The period from 1800-30, although interrupted by the war of 1812, when the city was made the immediate battle-ground, was marked by a wonderful growth in both commercial and industrial occupations, and, in common with the general prosperity of the place, hat-making also flourished. In 1810 Maryland is found, from the United States census reports, to have taken the lead in the production of fur hats. Aside from the custom with some retailers of making and finishing the hats they sold, we find in the year 1818 several firms engaged in the manufacture of hats. The products of these factories were distributed throughout the entire South, a section the natural resources of which enabled its people to easily recuperate from the war and quickly become large purchasers and consumers of goods which they did not themselves manufacture. In addition to this desirable field of business was the region of the "Far West," then comprising Ohio, Kentucky and Tennessee, the rapid increase of which in population by emigration greatly enlarged the demand for the products of Baltimore's hat industry. This being the most accessible seaport city, regular traffic by wagon trains was established, connecting Baltimore with the West, and giving to the former such superior advantages as to enable its enterprising merchants to secure a large trade, which they long and tenaciously held.

The city directories of that period were not, as now-a-days, issued annually, but at intervals of three or four years, and while furnishing much valuable information, cannot be relied upon for complete correctness, the main object of the compiler being to get the names of house-holders and business men, while many who were temporarily employed, and all who were unmarried though permanently employed, were omitted from registration. Thus the Directory of 1818 does not give a full list of hatters in this city at that time, for while it appears that there were in operation in Baltimore twenty-five hat establishments in the year 1818 (five or six of which were extensive manufactories), the Directory does not show any fair proportion of the number that then must have been engaged in the occupation of hat-making.
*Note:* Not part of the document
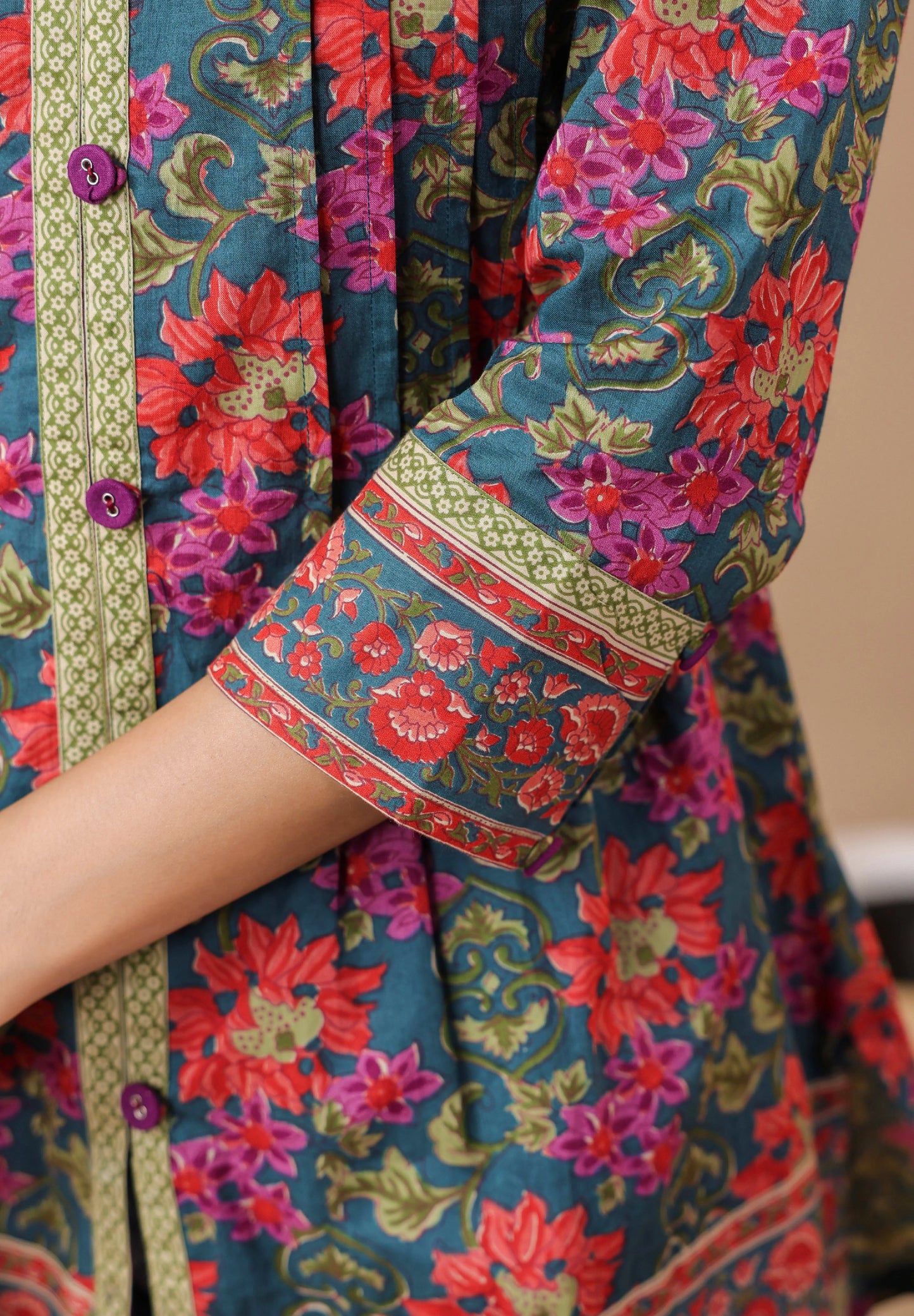 Green Printed Pintucks Cotton Top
It may be safely estimated from the extent and the activity of this branch of business at that time, that it gave employment to at least three hundred hands.

Before the year 1810 the "taper crown" or "steeple top" had yielded to the uncompromising demands of fashion, and a style appeared quite different from that which existed at the opening of the century. It had so expanded its crown as to become "bell" in place of "taper," a change so manifestly popular that the "bell crown" since that time, though subject in a greater or less degree to occasional alterations in its proportions, has been for a dress hat the generally accepted style.

In the style of 1810, Fashion, indulging as she not infrequently does, in a gymnastic summersault from one extreme to another, went in this instance quite as far as prudence would allow: the crown was about seven inches in height and about eight and one-quarter inches across the tip, with a brim about two-and-a-quarter inches wide, the hat being thickly napped with long beaver fur and trimmed with a wide band and buckle. Following the year 1810 there came a reduction in heights of crowns as well as in the proportions of "bell," and a modified style prevailed until the year 1835, when it again developed into an extreme "bell" shape with a very narrow brim, a style so utterly extravagant as to bring it into ridicule.